- **Information supplied**
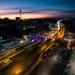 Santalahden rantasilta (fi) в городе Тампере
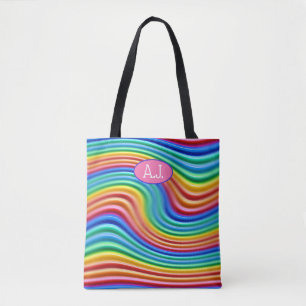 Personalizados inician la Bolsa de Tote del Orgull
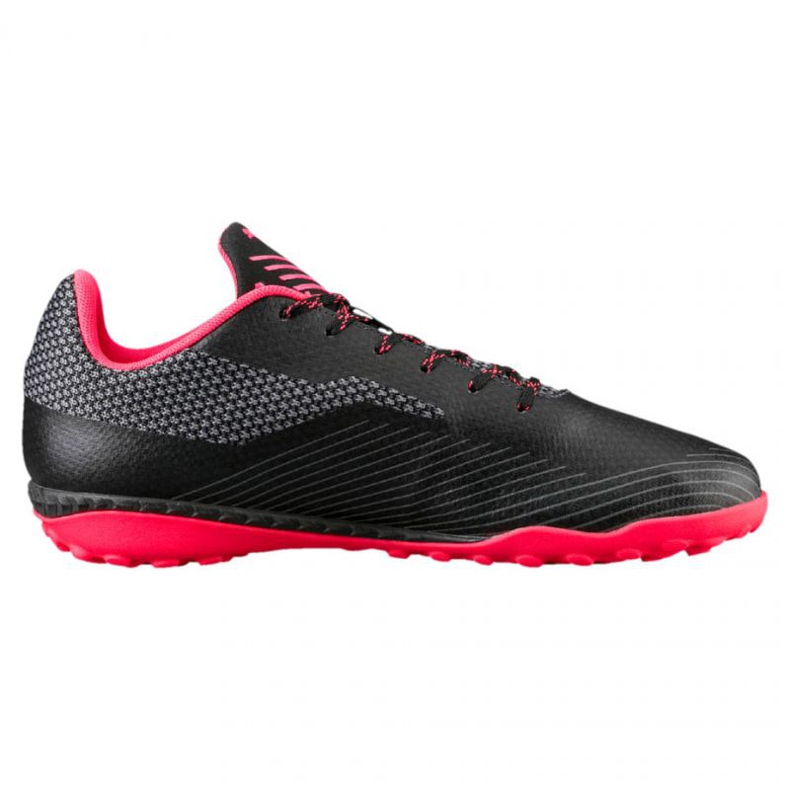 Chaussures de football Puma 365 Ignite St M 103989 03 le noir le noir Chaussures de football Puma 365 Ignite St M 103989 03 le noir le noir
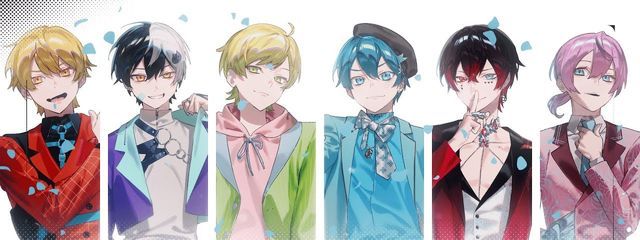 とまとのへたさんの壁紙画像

...

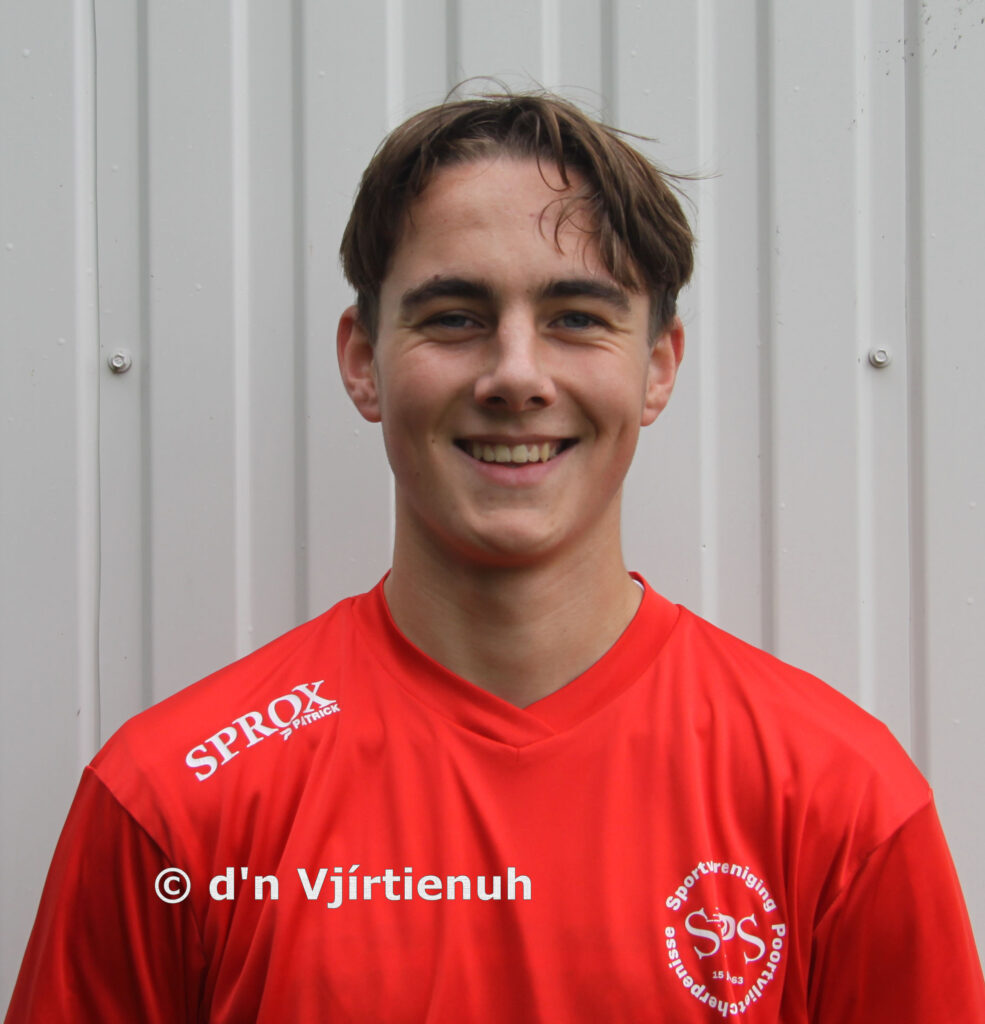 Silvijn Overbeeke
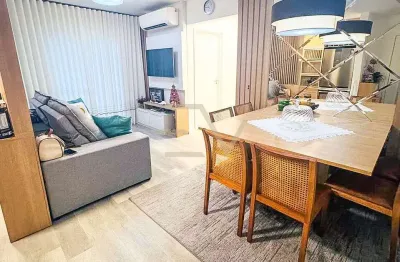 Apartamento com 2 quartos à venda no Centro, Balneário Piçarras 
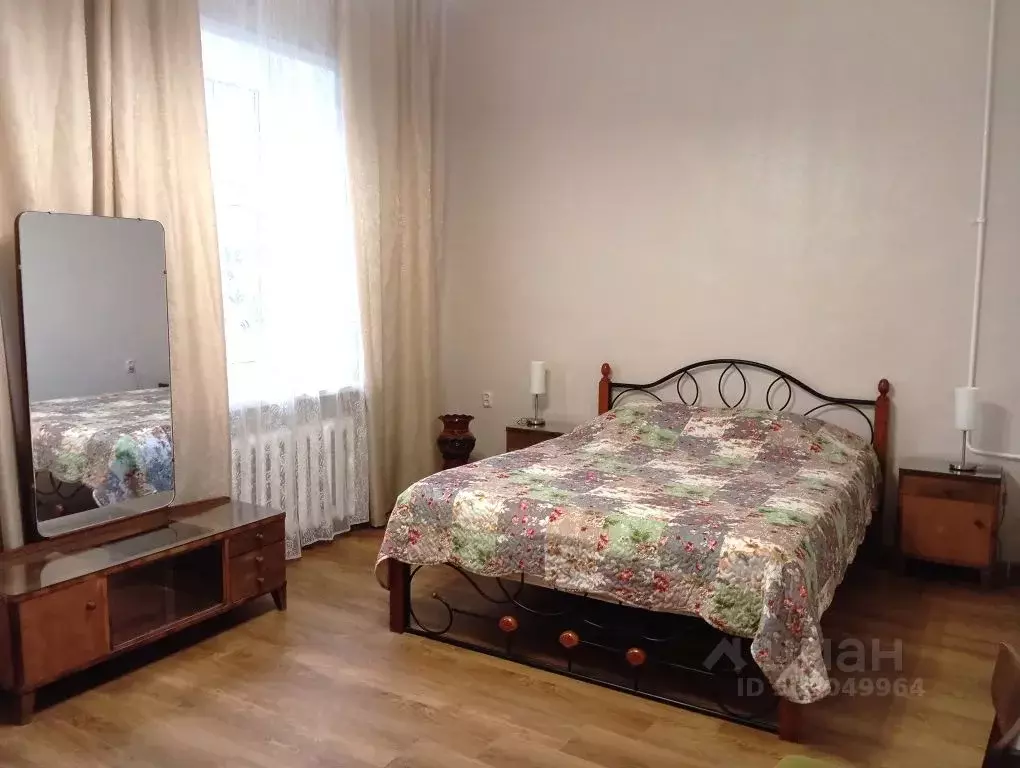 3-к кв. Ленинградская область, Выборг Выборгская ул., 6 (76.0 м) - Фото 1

- **Aim of the task**
Print nothing but the lines above starting with the line that contains "Santalahden rantasilta (fi) в городе Тампере" and going on through the line that contains "とまとのへたさんの壁紙画像". Leave out the pictures.

- **Answer section**
 Santalahden rantasilta (fi) в городе Тампере
 Personalizados inician la Bolsa de Tote del Orgull
 Chaussures de football Puma 365 Ignite St M 103989 03 le noir le noir Chaussures de football Puma 365 Ignite St M 103989 03 le noir le noir
 とまとのへたさんの壁紙画像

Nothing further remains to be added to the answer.